Welcome To Asteroid War Games, Where Scientists Practice Saving Earth

The Politics of Doom

Back in Italy, the teams have been working hard to find the best solution to the half-kilometer problem flying towards the planet. The first two days (in real terms: 18 months) were spent ‘tracking’ 2015 PDC, upgrading the possibility of impact from 40 to 100 per cent, and calculating the impact corridor — the red band along which the asteroid could possibly hit.

By Day 3 (December 2016), plans are in place to launch kinetic impactors, non-explosive spacecraft which would impact the asteroid and push it off course.
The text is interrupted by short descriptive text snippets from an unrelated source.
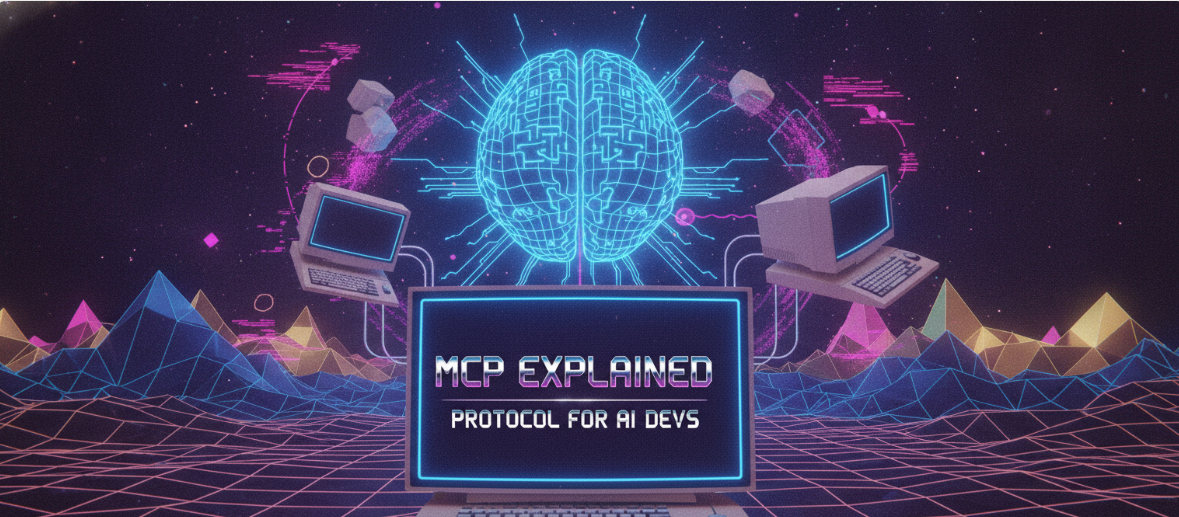 MCP Explained: The Protocol Every AI Developer Is Talking About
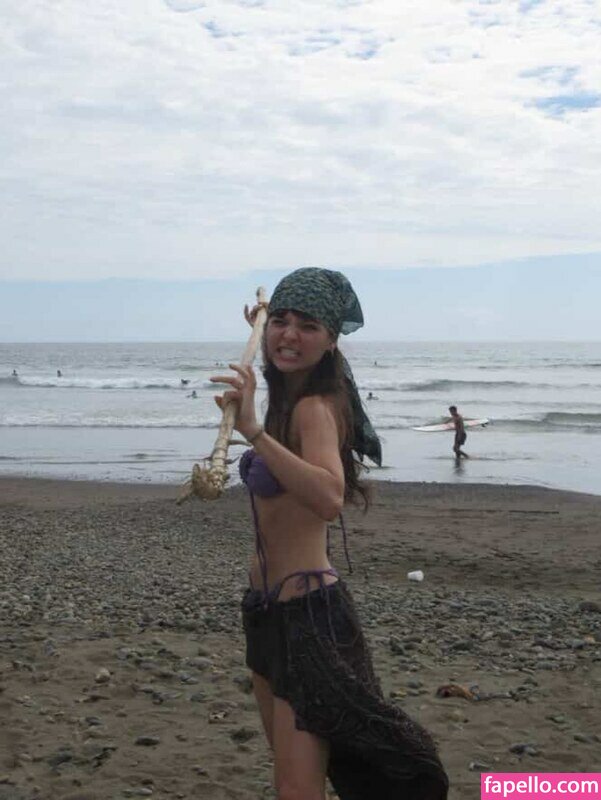 Cassady McClincy nude leaks Photo #6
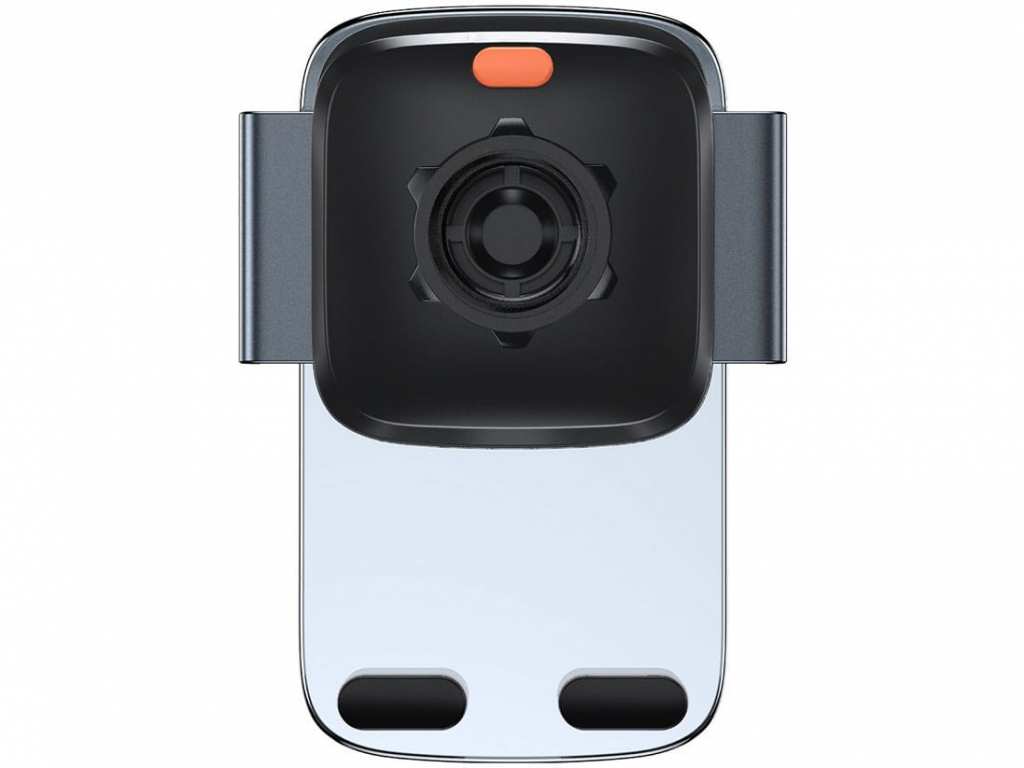 پایه نگهدارنده گوشی بیسوس Baseus Easy Control Pro Clamp Car Mount Holder SUYK000001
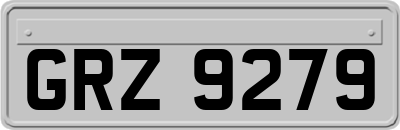 GRZ9279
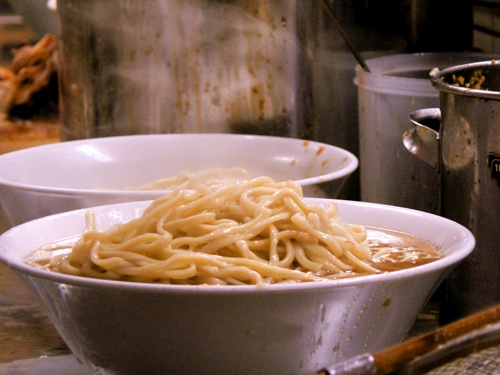 大麺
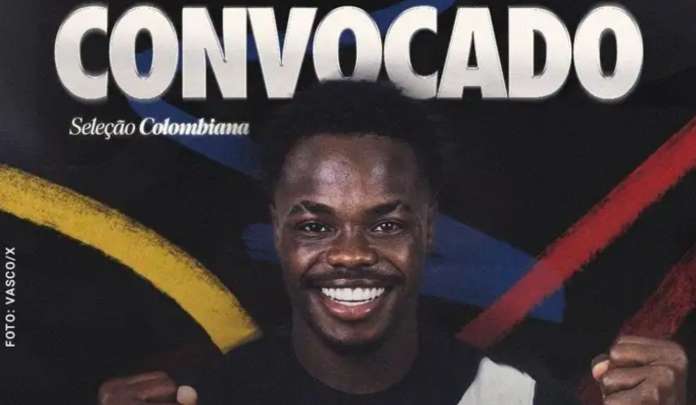 Convocação de Andrés Gómez aciona gestão de risco das bets
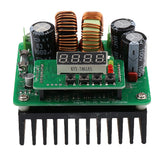 BOOST CONVERTER DC-DC 400W 10A STEP UP MODULE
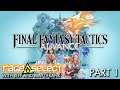 Final Fantasy Tactics Advance (The Dojo) Let's Play - Part 1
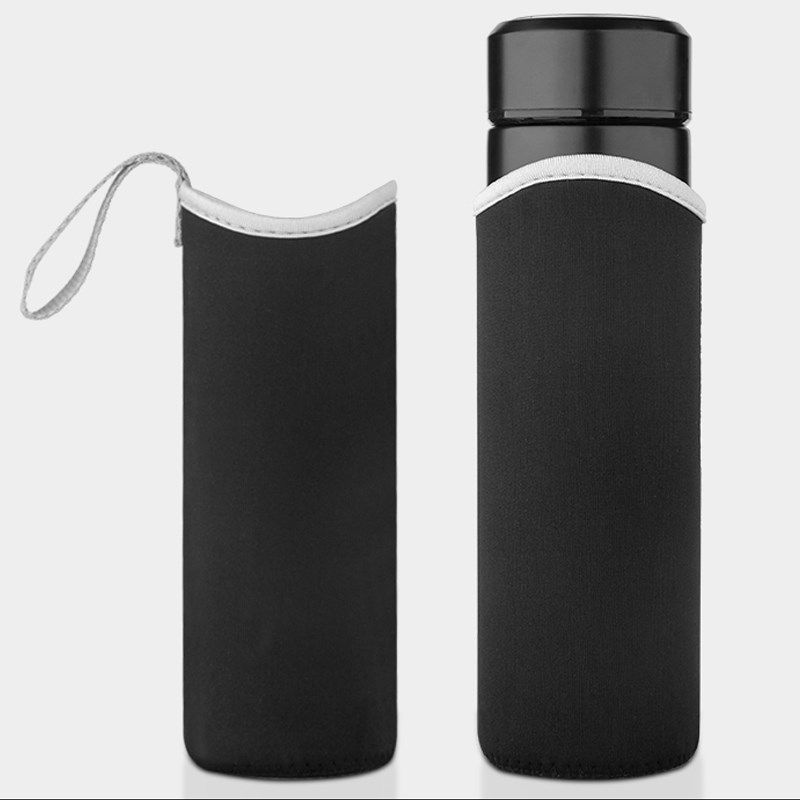 保温杯套保护套水杯套通用杯子套手提隔热防摔杯袋玻璃水壶套杯套,餐饮具,杯套,淘宝优惠券,粉丝福利购,淘宝优惠卷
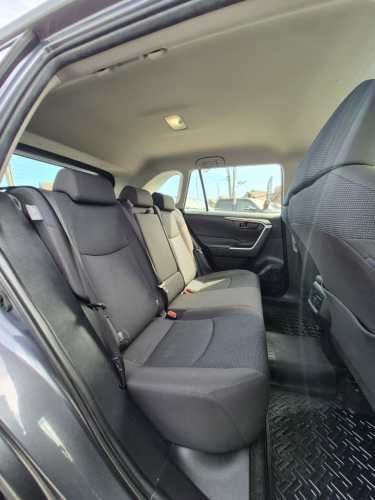 2022 TOYOTA RAV4 Automotora RRMotors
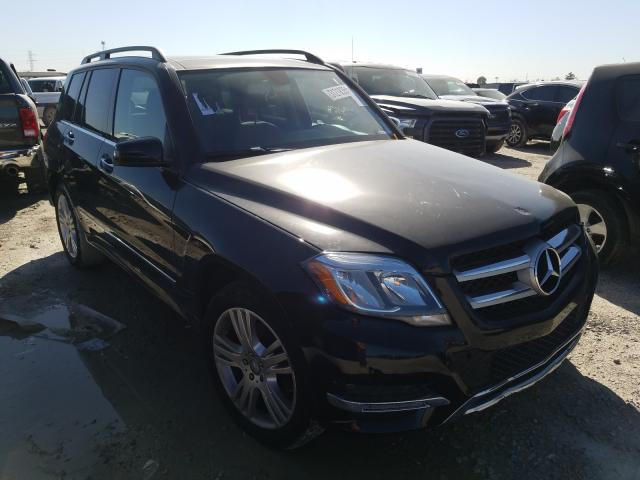 MERCEDES-BENZ GLK 350 2015 wdcgg5hb8fg425005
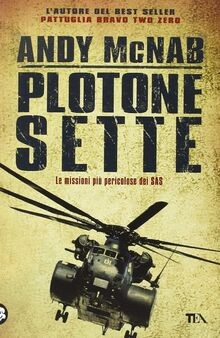 Plotone Sette von McNab, Andy | Buch | Zustand akzeptabel
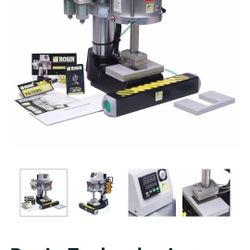 Rosin Press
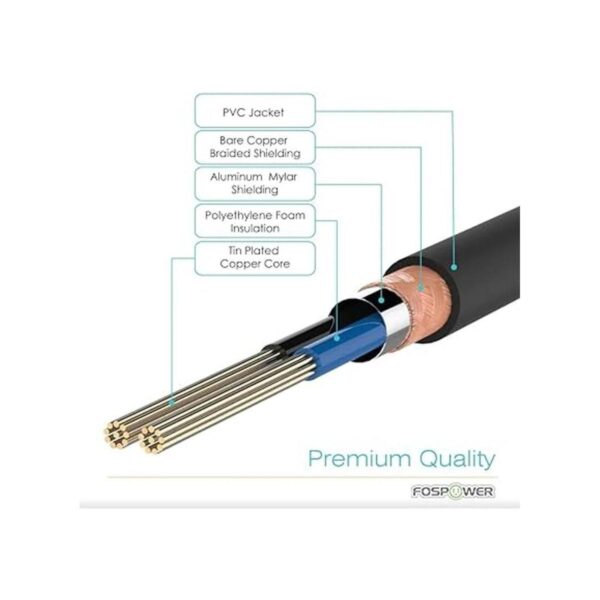 FosPower 14100 pulgadas macho a 14100 pulgadas maleaux_4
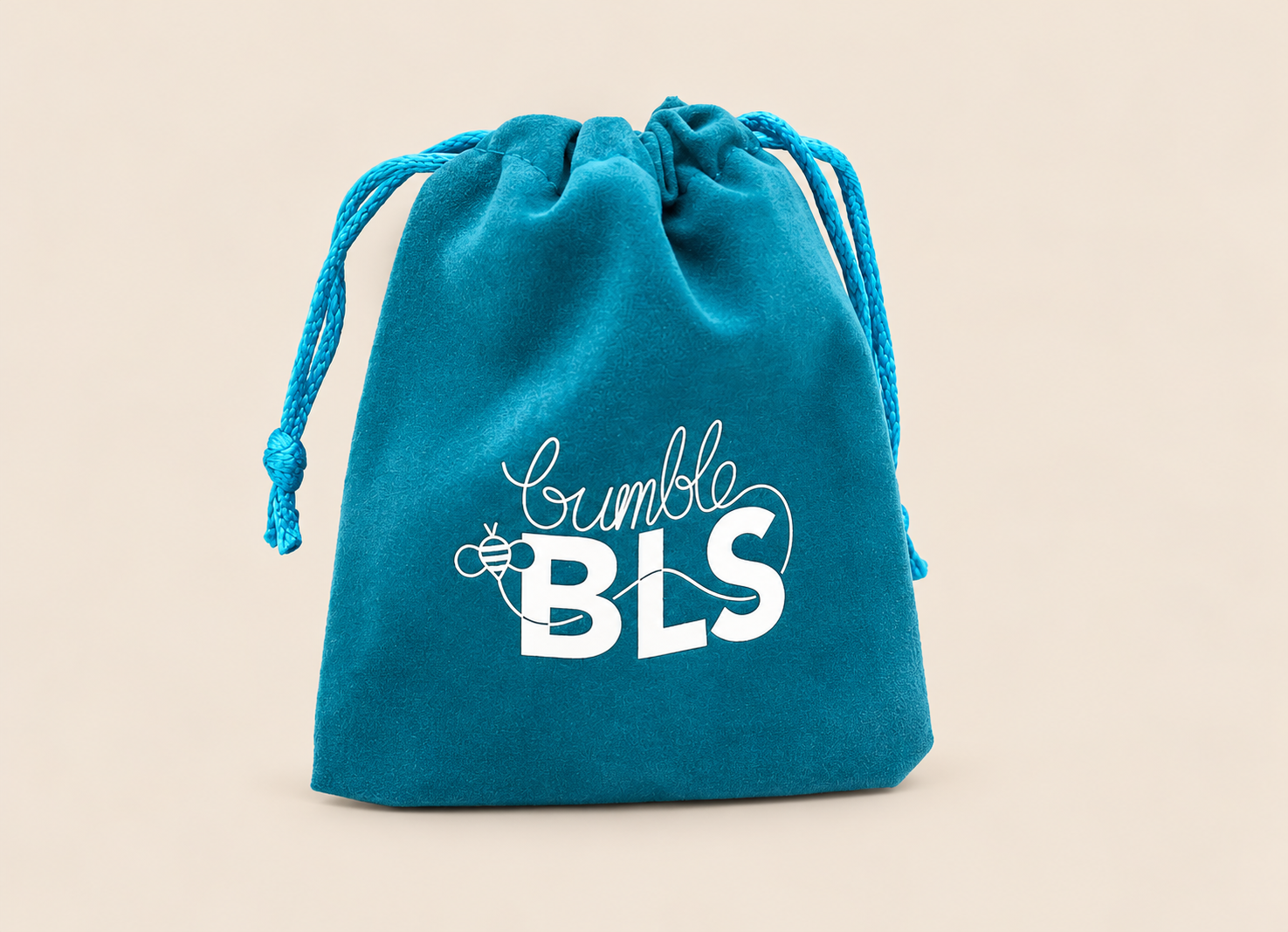 Drawstring bags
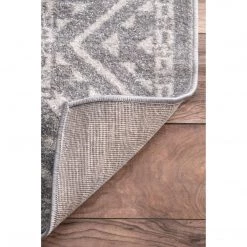 NuLOOM New Arrivals Vintage Trellis Lynell Rug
Doomsday has been calculated for September 3, 2022, with the list of countries in danger including the Philippines, Vietnam, Laos, Thailand, Myanmar, Bangladesh, India, Afghanistan, Pakistan, Iran, Iraq and Turkey.

One interesting — and highly realistic — aspect of the asteroid scenario are the media relations and geopolitics playing out every day. Conference attendees have colour-coded lanyards: red for world leaders, green for media, with others for scientists and members of the public.

In addition to working out the physics to defeat the asteroid, the teams have to work out the delicate geopolitics (that list of at-risk nations isn’t exactly the most stable), and work out the best media plan to inform the public, without boosting the membership of doomsday cults too much.

Welcome To Asteroid War Games, Where Scientists Practice Saving Earth

As of this morning (aka August 1, 2019), six Kinetic Impactors are on the launchpad, ready for liftoff later in the month. In total, they only need to change the velocity by one inch per second, but we won’t know whether the mission has succeeded until 2020 (or, tomorrow morning).

The last daily update will be posted at the NEO website tomorrow morning; until then, you’ve still got time to work on your doomsday shelter.